A public hearing was held at the Milo Town Office Tuesday, Aug. 14 on the Special Use Permit application and site plan review for a the proposed 70-unit townhouse project on the site of a mobile home park, owned by the David L. Genecco family of Canandaigua, opposite Red Jacket Park on Lake Street.
Doug McCord, of McCord Landscape Architecture of Penfield, spoke to the planning board, with Carol Genecco and developer Angelo Licciardello of Webster also present. The public was largely represented by near neighbors of the Keuka Estates park, particularly those from Orchard Lane and Hillcrest Drive. While expressing their support for the project, they expressed concerns about how the buildings and landscape will affect their views, how the stormwater will be managed, and how the property will be separated from their adjacent lots.
The planned unit development is allowable in Milo, and Genecco states it will be maintained as luxury rentals in the range of $1,500 to $1,700 per month. Licciardello hopes to begin site preparation this fall. Genneco says the approximately 10 families remaining in the mobile hone park have been kept informed, and she has been working to find reasonable alternatives for them.
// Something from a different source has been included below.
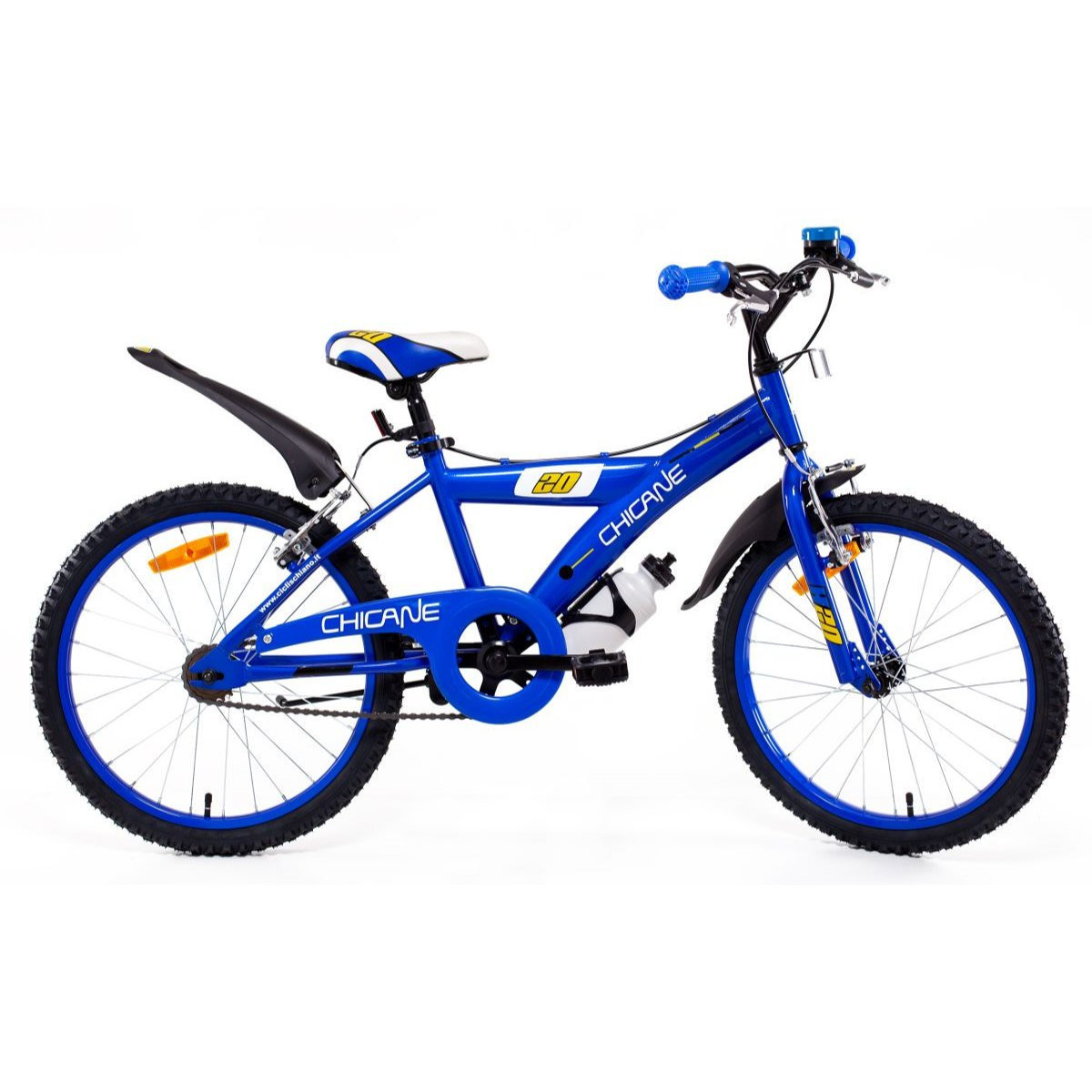 Image of 20-inch Kids' Bmx Bike For Boys With Rim Brakes, Side Stand, , Mudguards, And Water Bottle Holder - Chicane Blue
The project is complicated by how the five existing parcels, some in the Village of Penn Yan, and some in the Town of Milo will be developed in the three-phase development plan, and how they will be incorporated for taxes and utilities. McCord believes that unless an agreement can be worked out with Milo and the Village of Penn Yan, the townhouses on the north end of the project, bordering South Avenue and within the village, may be delayed or not built at all. As for the other, smaller portions of the plot that are within the village, they will be devoted to landscaping and greenspace only.
The height of the buildings and choice of trees was of great concern to the neighbors, some who do have limited views of Keuka Lake. Milo Code Enforcement Officer Anthony Validzic explained that unless they possess an existing easement over the Keuka Estates property to protect that view, then the owner would be allowed to build as high as 60 feet by code. McCord assured them that the tallest units would be two stories, and that lower growing trees could be designated for areas of concern. Fencing and hedges were also discussed to delineate boundaries.
A proposed second entrance on Hillcrest Drive near the intersection of Bath Road was disallowed by the Dept. of Transportation due to concerns of traffic safety. As it stands, the streets will enter at two places on Lake Street/Route 54, and one each on Hillcrest and South Avenue. The streets will be built to town and village standards for maintenance and for access, and fire hydrants will be installed with the new water and sewer lines. Retention/infiltration ponds will also be near State Route 54 to catch storm runoff and protect Keuka Lake from pollution. But Jeff Kennedy, of Morgan Marine across State Route 54, believes the retention ponds won’t be big enough for the 42 percent hard surface coverage of the lot. McCord contends that the gravel soils there will allow faster infiltration.
While there will be no sidewalk installed on the project side of State Route 54, the DOT will approve a crosswalk to provide safer pedestrian access both to the walk on the opposite side and to Red Jacket Park.
Several more meetings for approvals are still required at the town, county, and village levels before the project can go forward.